The great taco debate. April 29, 2014Posted by ourfriendben in homesteading, recipes, wit and wisdom.
Tags: Cinco de Mayo, corn, corn on the cob, cornbread, taco shells, tacos, tortilla chips, yellow vs. white corn, yellow vs. white taco shells
Silence Dogood here. Continuing our run-up to Cinco de Mayo here at Poor Richard’s Almanac, let’s talk about taco shells. You wouldn’t think that taco shells could be a cause for controversy, but taco lovers tend to find themselves on one side of two great divides: Hard or soft? White or yellow? Which sides are you on?
For me, both issues are clear-cut. If I want a soft shell, I’ll eat a burrito or a quesadilla. If I’m eating refried beans with all the fixings (more on this tomorrow), I want crispy-crackly taco shells. And I want them made out of white corn. (Mind you, I don’t eat a taco the way most people do, with all the stuff shoved inside the clamshell-like taco shell, which will inevitably break up and/or explode when someone bites it, spewing food everywhere. Eeeeeewwwww!!!! Instead, I crack my hot taco shells in half and use them as scoops, or layer ingredients on top. Works like a charm as long as you keep that half-taco over your plate!)
White corn wins for me every time over the heavy, bitter yellow-corn alternative. The delicate, luscious flavor of white-corn taco shells and tortilla chips enhances everything they’re eaten with rather than overpowering it, and there’s no bitter, oily aftertaste.
Of course, I come from the South, where yellow corn has traditionally been regarded as a field crop (i.e. winter food for horses and cows), while the milder white corn was the food of the people. In the North, however, yellow corn is king, its superior nutritional content often cited.
I’ll never forget my shock when I first moved to scenic PA and was offered “cornbread,” a yellow, soggy, heavy, bitter conglomeration that had been sweetened (!!!) to offset the bitterness. Where was the light, luscious, crusty cornbread that I loved, a savory, not a sweet, split and topped with melting butter? Who would call this yellow stuff cornbread, much less pass additional sweeteners like syrup and molasses to drown it in more sogginess and sugar?! Yikes. Ditto for yellow corn-on-the-cob versus the likes of ‘Silver Queen’ and its more modern descendants.
I hate the supersweet corn/candy corn era accordingly. I don’t want my corn to taste like candy, I want it to taste like corn. Like good, luscious, aromatic corn, a vegetable, a savory dish. Not bitter. Not sweet. Just corn.
I was beginning to despair that I’d lost the opportunity forever when it came to taco shells. The trend in light, airy, delicious white-corn tortilla chips seemed to be on the rise, with Tostitos introducing its cantina-style super-light white corn chips. But the Old El Paso white corn taco shells, the only ones I’d ever been able to find, suddenly vanished from local market shelves. Now, there were hard yellow taco shells and soft white corn and white flour taco shells, as well as soft yellow taco shells. I scoured the shelves desperately, month after month. Where had my crisp white taco shells gone?!

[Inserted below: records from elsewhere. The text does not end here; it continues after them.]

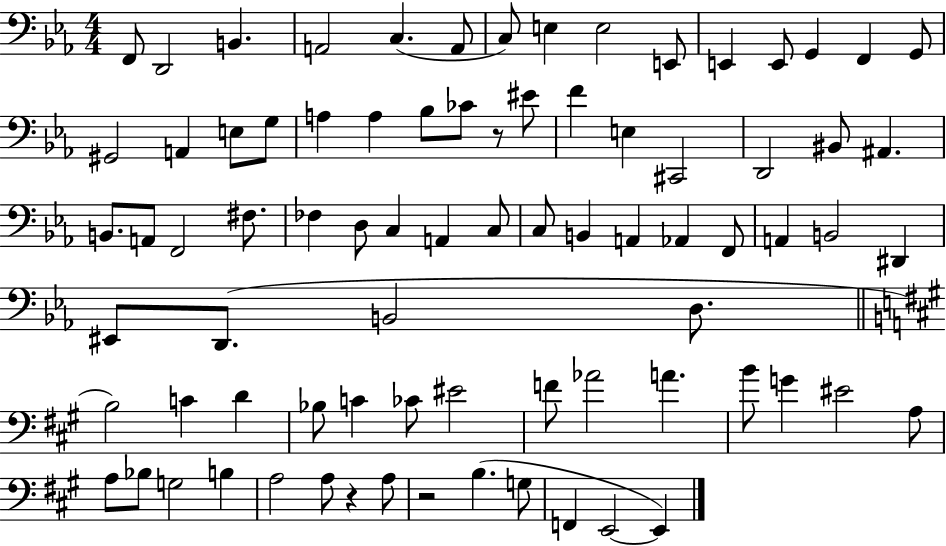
X:1
T:Untitled
M:4/4
L:1/4
K:Eb
F,,/2 D,,2 B,, A,,2 C, A,,/2 C,/2 E, E,2 E,,/2 E,, E,,/2 G,, F,, G,,/2 ^G,,2 A,, E,/2 G,/2 A, A, _B,/2 _C/2 z/2 ^E/2 F E, ^C,,2 D,,2 ^B,,/2 ^A,, B,,/2 A,,/2 F,,2 ^F,/2 _F, D,/2 C, A,, C,/2 C,/2 B,, A,, _A,, F,,/2 A,, B,,2 ^D,, ^E,,/2 D,,/2 B,,2 D,/2 B,2 C D _B,/2 C _C/2 ^E2 F/2 _A2 A B/2 G ^E2 A,/2 A,/2 _B,/2 G,2 B, A,2 A,/2 z A,/2 z2 B, G,/2 F,, E,,2 E,,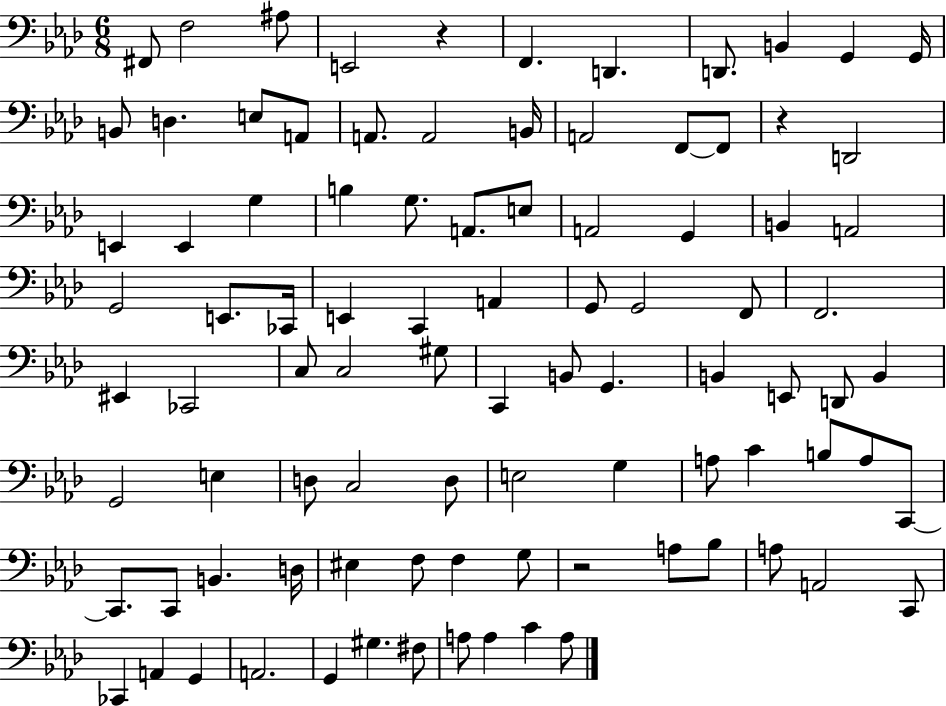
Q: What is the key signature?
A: AES major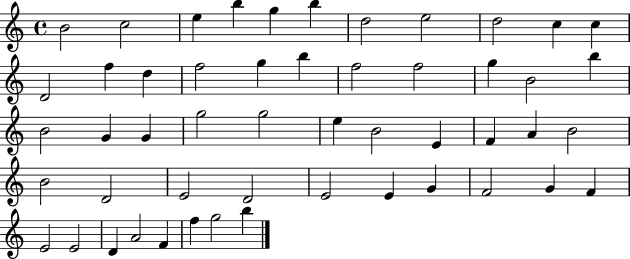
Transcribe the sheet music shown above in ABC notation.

X:1
T:Untitled
M:4/4
L:1/4
K:C
B2 c2 e b g b d2 e2 d2 c c D2 f d f2 g b f2 f2 g B2 b B2 G G g2 g2 e B2 E F A B2 B2 D2 E2 D2 E2 E G F2 G F E2 E2 D A2 F f g2 b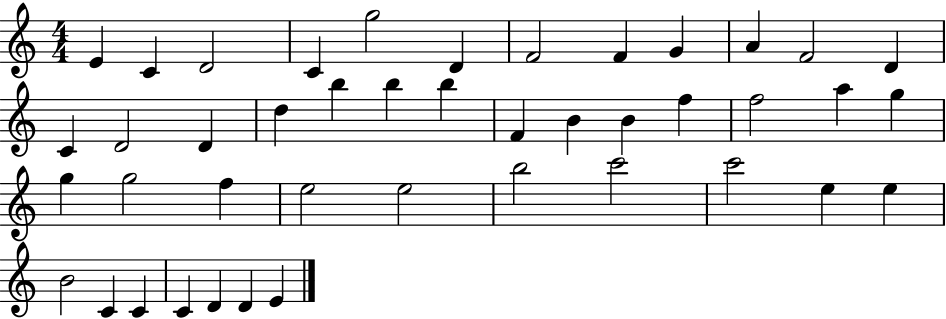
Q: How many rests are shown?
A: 0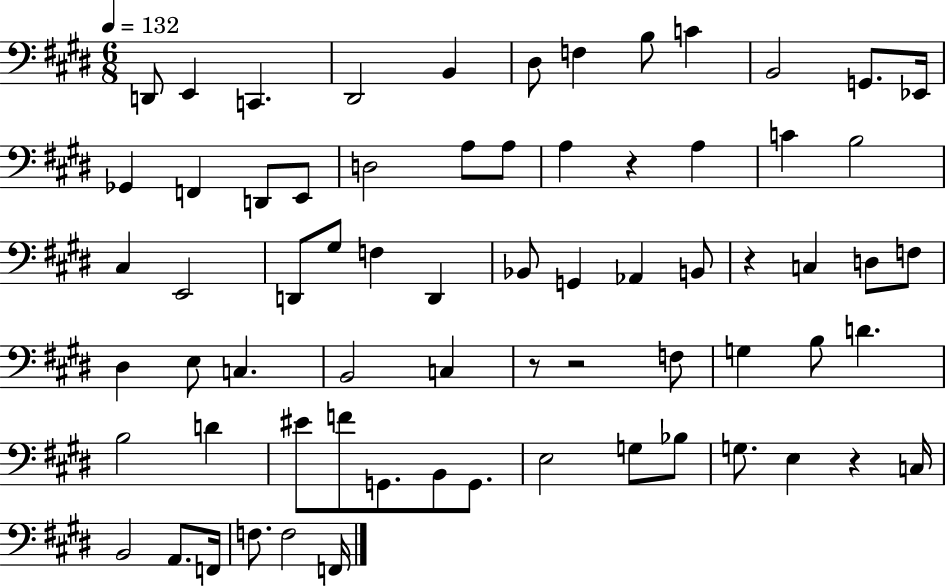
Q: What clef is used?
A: bass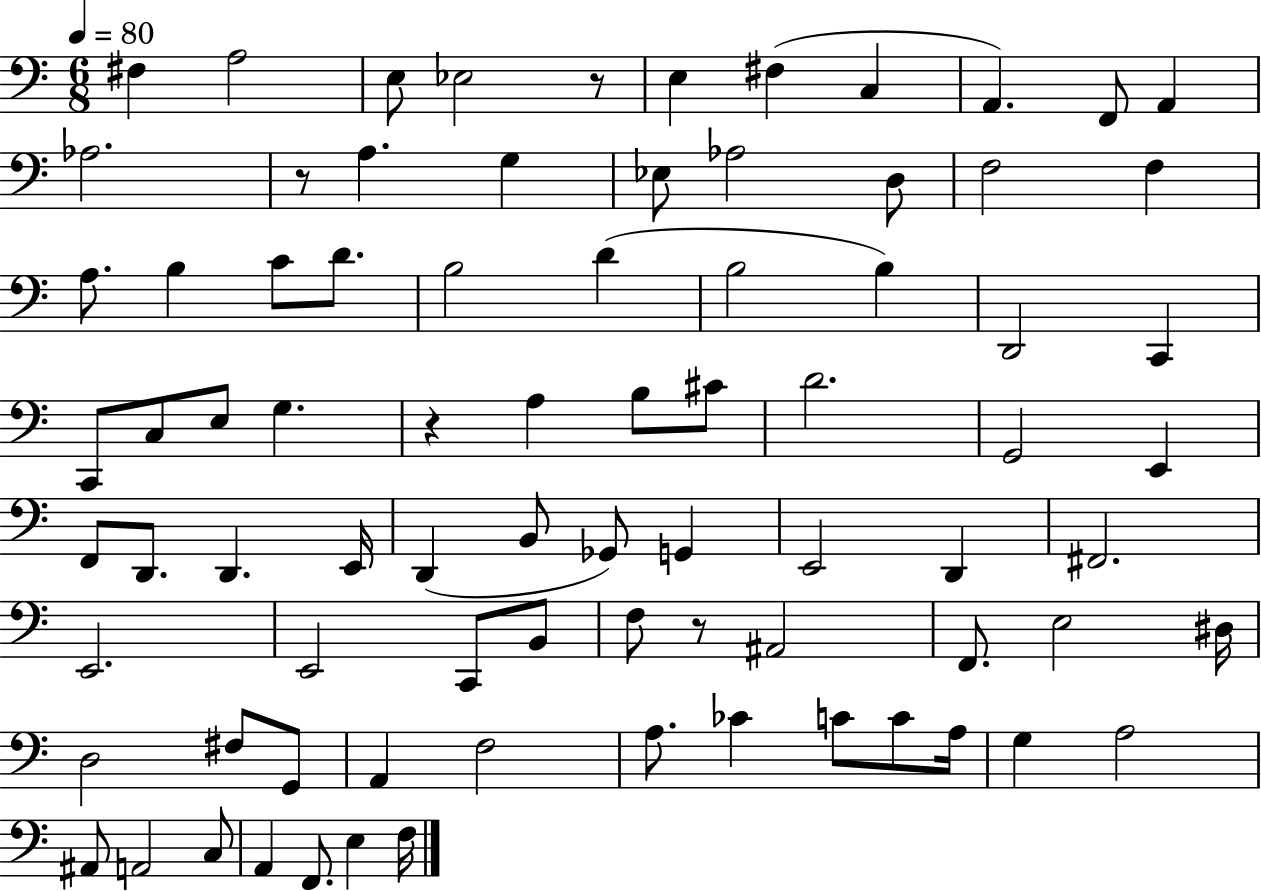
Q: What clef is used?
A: bass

Finally, last week I found some at a nearby Giant. I was tempted to buy their entire stock, in case they, too, were planning to discontinue them, but controlled myself and only bought two packages, more than enough to get me and our friend Ben through this Cinco de Mayo. But the second they’re gone, believe me, I’m rushing back. Please, Old El Paso, please keep them coming! As the license plates used to say, you have a friend in Pennsylvania.